Unausweichlich ist der vielstimmig erschallende Ruf nach einer Rückkehr der Ex-Weltmeister Thomas Müller, Jerome Boateng und Mats Hummels zur Stabilisierung der Mannschaft. Ohne das hochdekorierte Trio ist das Team offenbar führungslos. Mittelfeldspieler Toni Kroos und Tormann Manuel Neuer allein genügen nicht. Vom großen Rest hat keiner die Persönlichkeit, den Charakter oder die Erfahrung, um als Leader aufzutreten. Auch nicht das Quintett von Champions-League-Sieger Bayern München, das in Spanien in der Startelf stand. "Das Vertrauen ist jetzt im Moment nicht völlig erschüttert. Diese junge Mannschaft hat auch die Fähigkeit, sich so zu entwickeln, dass wir eine leistungsstarke, konkurrenzfähige Mannschaft haben. Davon bin ich absolut überzeugt", sagte Löw dazu knapp.

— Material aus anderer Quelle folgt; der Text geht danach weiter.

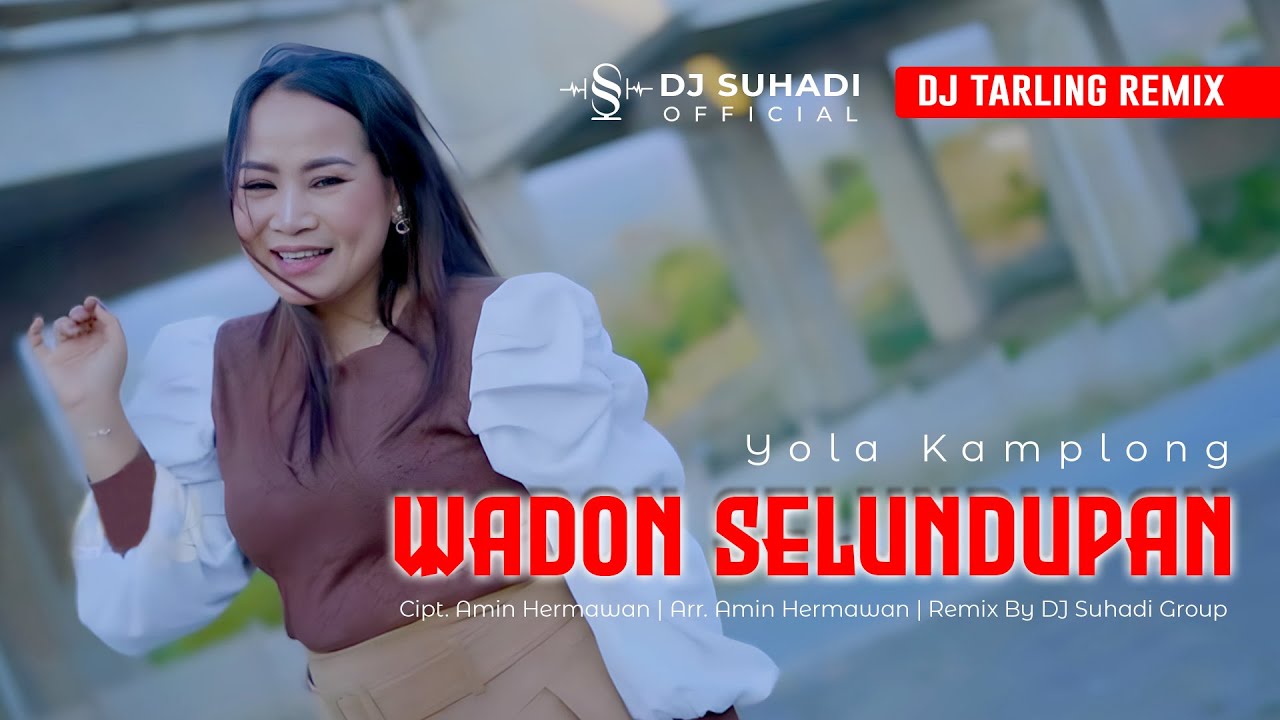 DJ WADON SELUNDUPAN - Yola Kamplong ( Remix ) By DJ Suhadi Official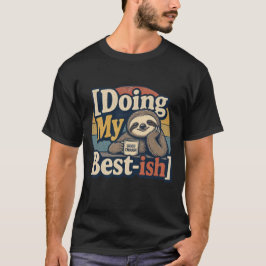 Gör mitt bästa-ish – Rolig T-shirt
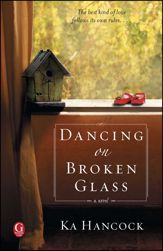 Dancing on Broken Glass - 13 Mar 2012
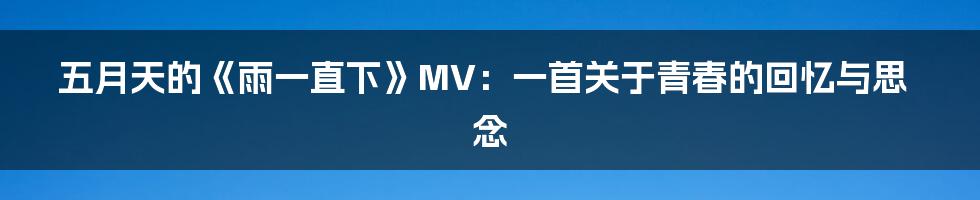 五月天的《雨一直下》MV：一首关于青春的回忆与思念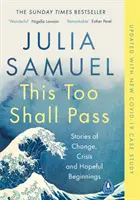 This Too Shall Pass - Povești despre schimbare, criză și începuturi pline de speranță - This Too Shall Pass - Stories of Change, Crisis and Hopeful Beginnings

Die historischen Fakten der höchsten Niederlage seiner Amtszeit werden Löw aber dauerhaft begleiten. Mit sechs Toren Differenz hatten die Deutschen zuletzt am 24. Mai 1931 in Berlin gegen Österreichs Wunderteam verloren. In der Nachkriegszeit war bisher ein 3:8 gegen Ungarn in der Gruppenphase der WM 1954 Deutschlands höchste Pleite gewesen. Die spanische Sportzeitung "Marca" beschrieb das Geschehen von Sevilla gar mit einer "Vernichtung": "Die Mannschaft, die sonst immer andere erdrückt, wurde zu einem Spielzeug in den Händen der Spanier, einem kaputten Spielzeug."

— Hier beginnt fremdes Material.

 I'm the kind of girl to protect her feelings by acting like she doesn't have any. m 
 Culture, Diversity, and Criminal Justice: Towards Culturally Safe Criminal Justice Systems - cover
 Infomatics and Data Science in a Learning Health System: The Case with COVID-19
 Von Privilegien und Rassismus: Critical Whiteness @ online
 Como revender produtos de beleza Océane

Spanien "hungrig" wie einst
Im Gegensatz zu Löw scheint Spaniens Coach Luis Enrique am besten Weg, ein junges, hungriges und erfolgreiches Team auf die Beine zu stellen. Nur wenige Führungsspieler wie Sergio Ramos oder Sergio Busquets sind aus der goldenen Ära mit dem WM-Titel 2010 und den EM-Titeln 2008 und 2012 übrig geblieben. Jungstars wie der 20-jährige Triplepacker Ferran Torres von Manchester City oder Leipzigs hochveranlagter Dani Olmo sollen es nun richten. Und das Niveau kann weiter angehoben werden, denn Spanien spielte gegen Deutschland nicht einmal in Bestbesetzung. Thiago fehlte genauso wie Busquets oder Barcas 18-jähriger Jungstar Ansu Fati, der nach einem Meniskusriss vier Monate pausieren muss.
"Dieses Ergebnis wird die jungen Spieler ermutigen. Jetzt wissen sie, dass sie das Level haben", betonte Luis Enrique, und Ramos fügte hinzu: "Diese historische Nacht wird uns helfen, als Team zu wachsen." "Deutschland hatte seine beste Mannschaft aufgestellt, und ich denke, dass wir von Anfang an sehr gut gespielt haben. Es war eines der besten Spiele der Nationalmannschaft", betonte Luis Enrique.